Et Alpha Oumar Konaré parce qu’il a eu entre ses mains ce levier lui aussi mais surtout parce que comme on le voit dans certains pays où ses ex pairs sont redescendus dans l’arène, il peut être crédité d’avoir mis son capital d’autorité au- dessus de la mêlée. Certains lui reprochent cette tenue. Mais la retenue reste une valeur dans la culture locale du pouvoir et ce n’est pas sans dividendes pour le fortuné candidat qui reçoit ses faveurs.
Mais justement, Att et Aok soutiendront-ils publiquement un candidat ? Konaré aura moins de difficultés de se prévaloir de son statut de militant Adema -qui a toujours soutenu qu’il ne sera jamais un ancien militant- pour soutenir le candidat de son parti, Dioncounda Traoré qui fut souvent son joker dans les crises successives d’un parti tumultueux. Mais Konaré aura, à notre avis, certaines préventions pour faire pour le candidat de son parti ce que Rawlings a fait pour Atta Mills. Lesquelles ? Au-delà de l’emballage,
c’est le produit qui compte. Dioncounda Traoré, Ibrahim Boubakar Kéita, Soumaïla Cissé ou Modibo Sidibé -pour revenir à la formule du carré d’as que non sans raison, Soumana Sacko bat en brèche- sont l’émanation du parti et ou du pouvoir de l’hégémonique Adema d’antan. Et les possibles divergences du jour ne font pas moins d’eux du vin du même tonneau. La seconde prévention est qu’il y a, au-delà du carré d’as, des candidats –déclarés ou probables- qui appartiennent au mouvement démocratique, avec une légitimité incontestable, pour ne citer que Soumana Sacko lui-même, Tiebilé Dramé, Oumar Mariko et Mountaga Tall, malgré la cohabitation plus que heurtée que les deux derniers eurent avec la décennie Konaré. Troisième prévention : nous ne sommes pas en 1992 où le programme clairement décliné était la bataille pour le Mali des démocrates contre celui des restaurateurs. Le temps, les enjeux, les épreuves et hélas le ventre aussi ont brassé les valeurs et réduit les différences.
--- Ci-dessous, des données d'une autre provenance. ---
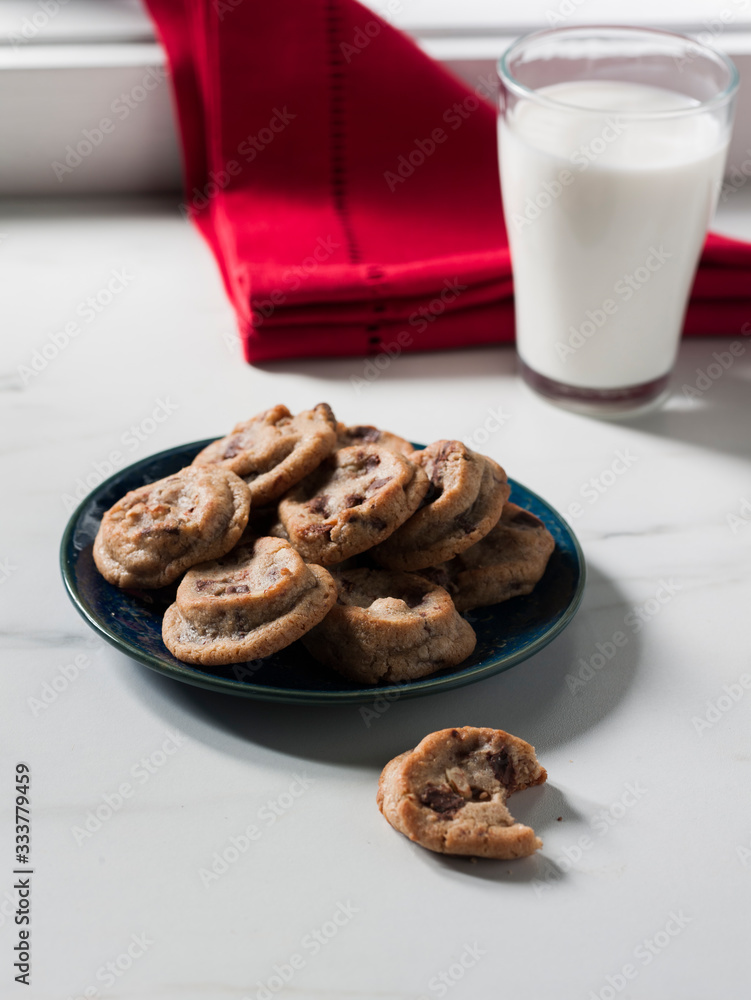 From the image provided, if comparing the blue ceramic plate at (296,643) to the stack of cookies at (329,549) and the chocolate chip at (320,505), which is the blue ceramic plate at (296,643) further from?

L’Adema de 2012 aurait, peut-être dû, à l’heure actuelle, avoir précisé sa nouvelle mission historique, remobilisé sur les lignes de fracture du mouvement démocratique originel ou de ruptures qui menacent le projet démocratique tout court. Elle ne peut pas convaincre le grand large en reconduisant en 2012 sa tchatche de 1992. Or qui connaît Konaré sait du coup le poids qu’a pour lui l’enjeu. Surtout qu’il se souciera – combinaison de travers d’historien, d’inhibition d’ancien chef d’Etat et d’intuition animale de l’opportunité- d’éviter qu’on ne lui « canarde pas son poulain » et ou de mettre son successeur Att dans l’embarras en exprimant, lui, son choix. Est-ce à dire que le président Touré ne claironnera pas son choix ? D’abord, le tacticien qu’il est n’est ni l’homme du combat frontal ni celui du soutien bruyant qui font fuir la cible. Ensuite, il lui faut bien être cohérent avec sa propre trajectoire et sa formule « retrouver ce qui nous unit ».
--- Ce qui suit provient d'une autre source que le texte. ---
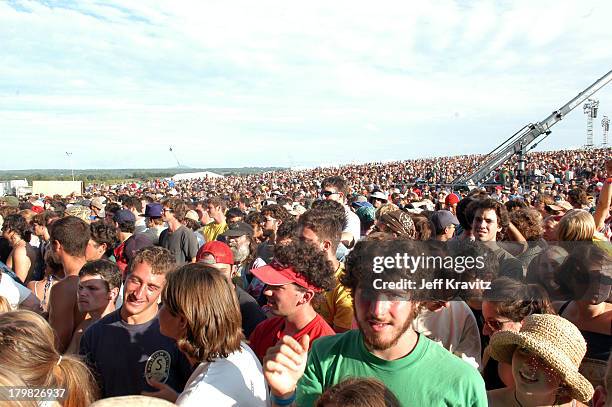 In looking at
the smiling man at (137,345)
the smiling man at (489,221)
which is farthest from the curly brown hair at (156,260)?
the smiling man at (489,221)

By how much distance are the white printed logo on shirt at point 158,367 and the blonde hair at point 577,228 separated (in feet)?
10.2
Elle était valable en 2002, année de périls postélectoraux que la personnalité du président a su conjurer. Et en 2012, la formule reste tout aussi valable. Att le sait, son soutien public pour un candidat sera considéré par tous les autres comme leur rejet. Or, si son apport propre a été décisif dans la convivialité de l’espace politique, il ne pourra pas oublier la part des partis. Tous les grands partis de la place et même les bien moins grands l’auront soutenu, soit en 2002, soit en 2007, dans l’expérience unique que fut le consensus à la malienne. Ni le Rpm la majorité relative d’antan ni l’Adema, celle du jour, n’a tenu à aller contre lui dans le projet de se tailler une majorité absolue pour l’obliger à présider au lieu de gouverner.
Cela ne s’oublie pas. Enfin, quand un président n’est d’aucun parti, le voyant sécuritaire devient le déterminant. Sur ce plan également, Att sait qu’aucun des ténors élus n’irait lui chercher des poux dans la tête. Mais, attention, il ne faut pas en déduire que 2012 ne fait ni chaud ni froid à Touré et Konaré. Ils doivent avoir, chacun ou ensemble, leur favori caché. Nous ne le saurons qu’au second tour, s’il y a le type de danger du genre Chirac-Le Pen. Sinon, ce sera encore du travail pour les historiens. Mais déjà qu’en juin 2012, le pays puisse compter trois anciens présidents, dont deux aux termes des limites constitutionnelles, est un bon indicateur en démocratie.